Japan appears to be in vogue with Canadians.
Hideaki Nakazawa, executive director of the Japan National Tourism Organization’s Canadian office, told a Toronto gathering Wednesday that his homeland saw some 231,000 Canadian visitors last year, a hefty 26.5% increase over 2014.
This past January in turn saw an increase of over 25% from January 2015.
“It’s an amazing record and I am truly grateful to all the Canadian travel agents,” Nakazawa said of the 2015 results.
Among reasons he cited for the increases are growing air links between this country and Japan, with All Nippon Airlines last year beginning Vancouver-Tokyo service, its first Canadian route.
But Nakazawa added there’s growing interest among Canadians in Japanese culture, noting the soaring number of Japanese restaurants in Toronto, where he’s based.
Authorities also note they’ve been promoting Japanese tourism attributes through their Visit Japan campaign.
Nakazawa conceded that Japan is often seen as an expensive destination, an image he says isn’t necessarily deserved, adding that he spent $100 this year for a hotel room in central Tokyo and had lunch in that city for under $12. The subway system in the Japanese capital charges $2.13 for the first 6 kms, making it an inexpensive way of exploring Tokyo, he continued.

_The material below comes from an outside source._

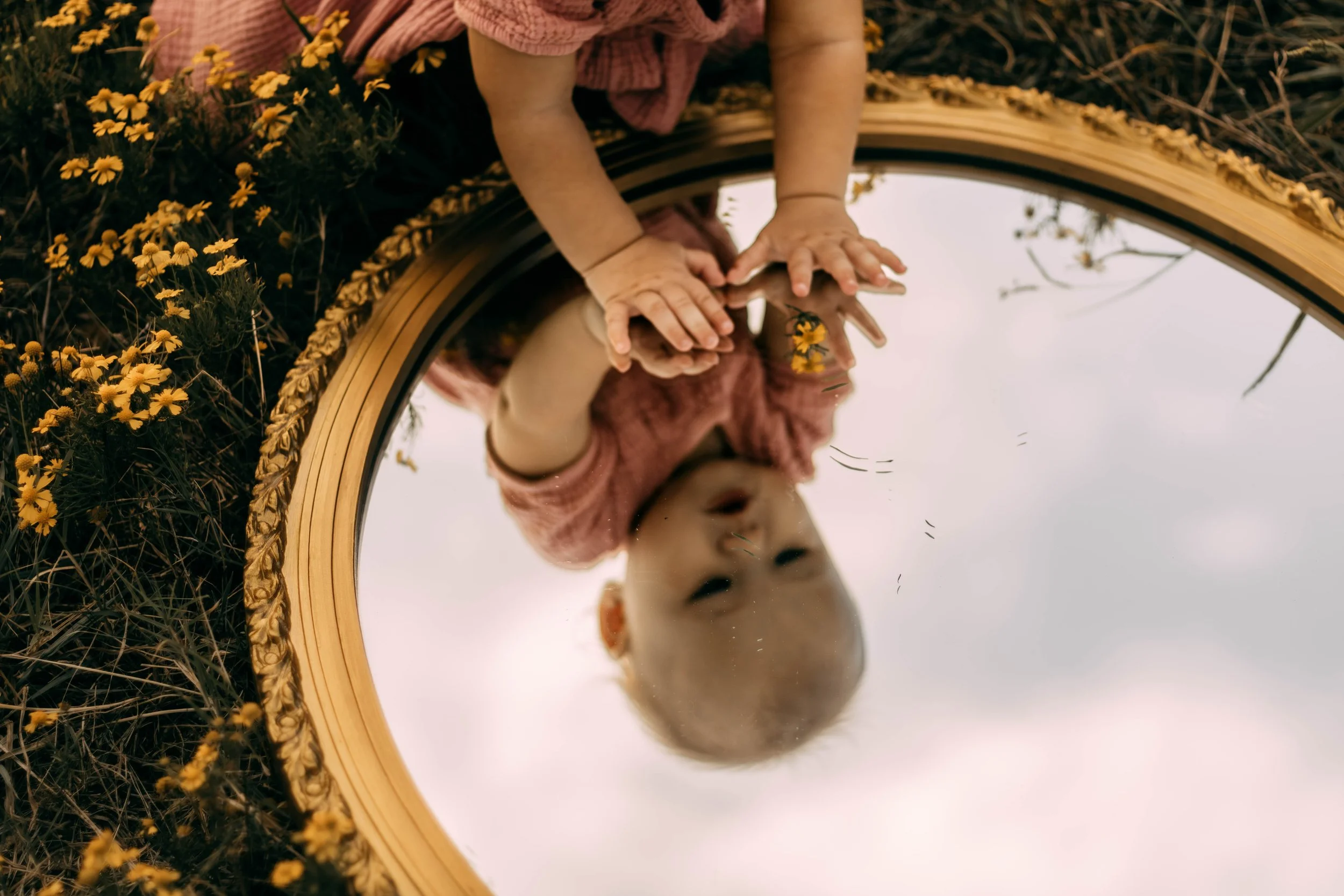 A young child looks at her reflection in a round mirror placed outdoors, surrounded by yellow flowers and grass during cloudy weather.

The JNTO is inviting agents to become one of its Japan Travel Specialists, which can be found through the http://www.IloveJapan.ca site.
Meanwhile, Serena Lee of Japan Airlines told the gathering that her carrier was won numerous accolades for the likes of on-time performance and seating and those travelling with it will experience a Japanese ambiance “the moment you’re on board.”
Rocky Lo of Air Canada in turn noted his airline will have 2,700 seats between this country and Japan every day during the peak summer season.
Seen here are Lo, Athena Ho of the JNTO, event speaker Adam Waxman, Nakazawa and Lee.